Charles Pierce puts it out there:
Let us be very clear about this. It is impossible to play professional
football for any length of time and not suffer brain damage. There will
never be a helmet sturdy enough to spare you. There is no tweaking of
the rulebook that will eliminate it. There is no fine, no penalty,
severe enough to stop it. Play in the NFL and you will damage your
brain. Period.
The Chris Henry story should not only scare NFL players. Pierce only focuses on the NFL, but what about all the other football players at every level going through thousands of contact drills and hits in games and practices?
Editing Pierce:
Playing professional football is intrinsically unhealthy. Every player
knows it. Every coach knows it. Every fan and pundit ought to know it,
but too often, they all pretend they don't. The NFL game is the great
gravitational force at the center of the American sports industry. And
it traffics in the destruction of the human body.
...There is nothing they can do about this, no matter how well-intentioned
the league is about improving its workplace safety. The players are too
strong, too big, and too fast for any rule changes, or improved safety
equipment, ever to be fully adequate. It's about inertia and momentum,
and not even Roger Goodell can suspend Isaac Newton.
Malcolm Gladwell's New Yorker piece last October went even further and compared football to dogfighting. Over six months ahead of the sports pages, Gladwell exposed football's epidemic of chronic traumatic encephalopathy, the chronic neurological disorder that results from brain trauma. Concussions are only the tip of a very large iceberg of brain damage that is being found in football players as young as high school.
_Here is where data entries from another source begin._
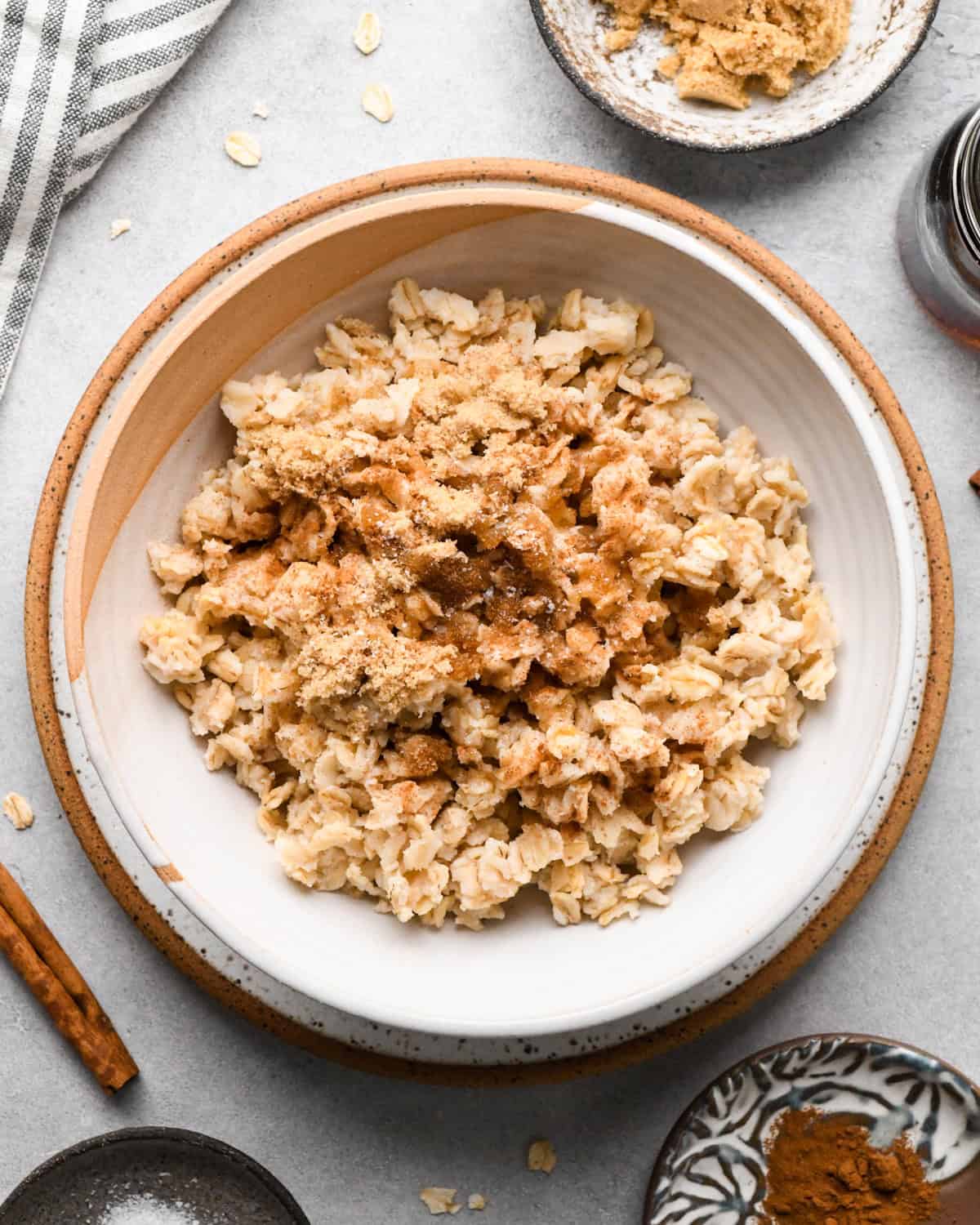 showing how to make oatmeal flavors - brown sugar and maple syrup on top of oatmeal in a bowl
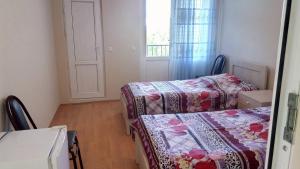 Letto o letti in una camera di Mari Guest House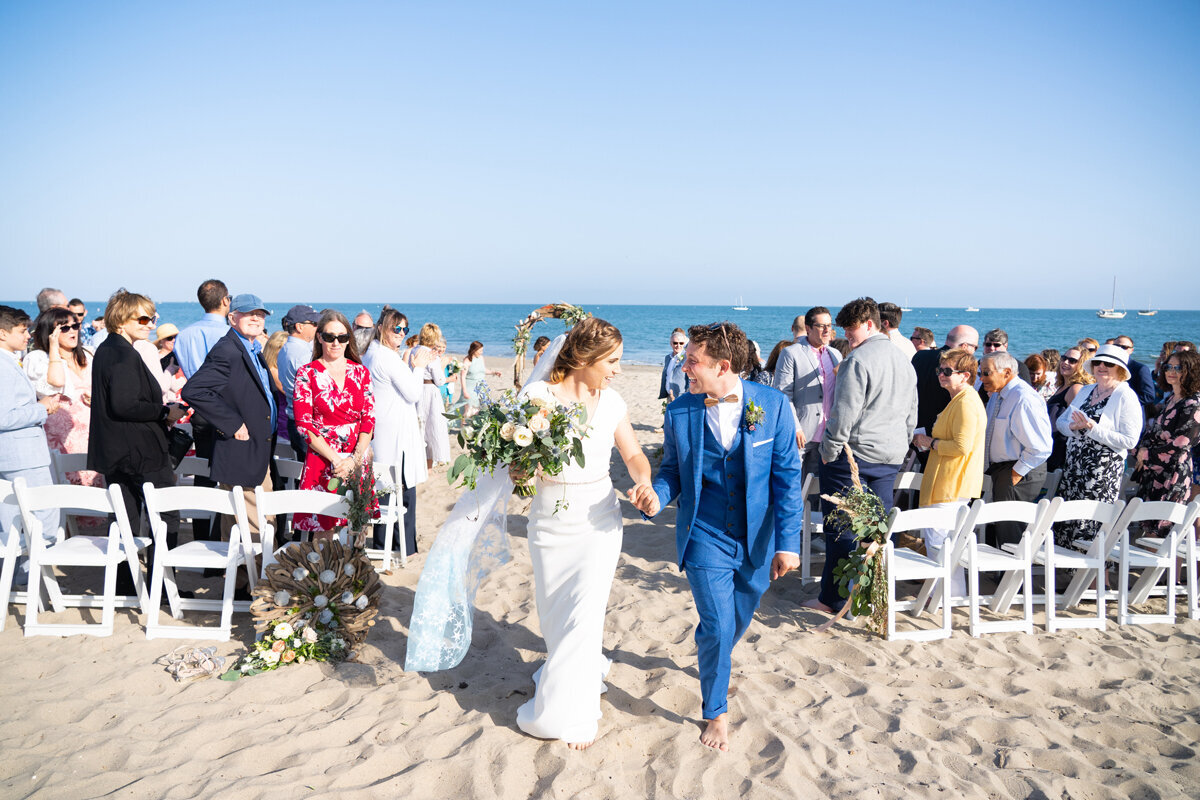 www.santabarbarawedding.com | Peterson Design & Photography | Bride and Groom Leaving Their Beach Ceremony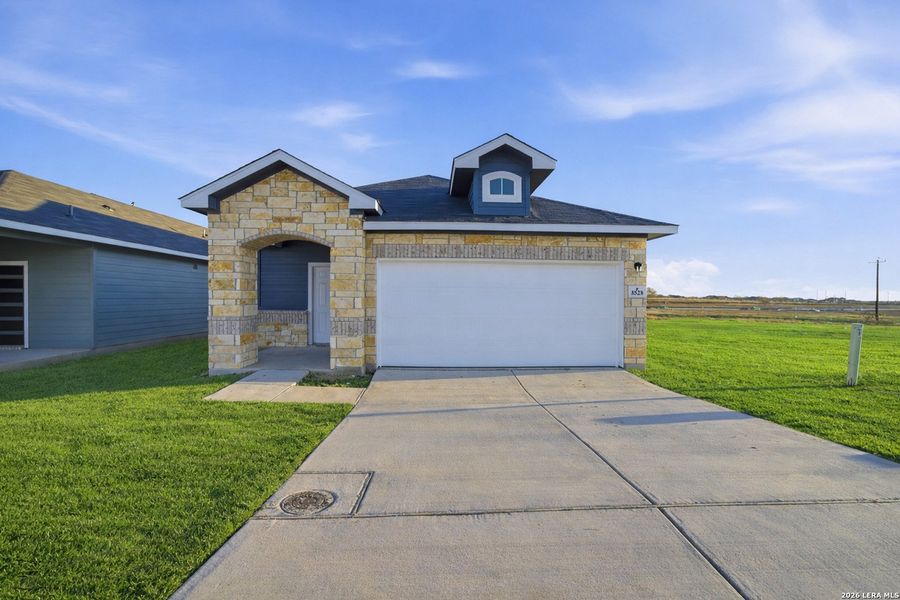 Front exterior of a new home in Garden Grove, San Antonio, TX, highlighting curb appeal (Image 18).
Much of the attention in the football world, in the past few years, has
been on concussions—on diagnosing, managing, and preventing them—and on
figuring out how many concussions a player can have before he should
call it quits. But a football player’s real issue isn’t simply with
repetitive concussive trauma. It is, as the concussion specialist Robert
Cantu argues, with repetitive subconcussive trauma. It’s not
just the handful of big hits that matter. It’s lots of little hits, too.
...in an average football season, a lineman could get struck in the head a
thousand times, which means that a ten-year N.F.L. veteran, when you
bring in his college and high-school playing days, could well have been
hit in the head eighteen thousand times: that’s thousands of jarring
blows that shake the brain from front to back and side to side,
stretching and weakening and tearing the connections among nerve cells,
and making the brain increasingly vulnerable to long-term damage.
Read the whole Gladwell piece, which explores the links between football, boxing and dogfighting in a way that will not let you enjoy watching any of the three "sports" ever again. The University of Wisconsin stopped participating in NCAA boxing after Charley Mohr's 1960 death - a story well-told in Doug Moe's terrific book
Lords of the Ring. Fifty years from now, will football be seen as a brutal anachronism, as boxing is largely seen now? Will universities still have teams and arrange much of their schedules around the games? Will parents still encourage sons to play as a means of earning an education at the literal expense of the health of their brains?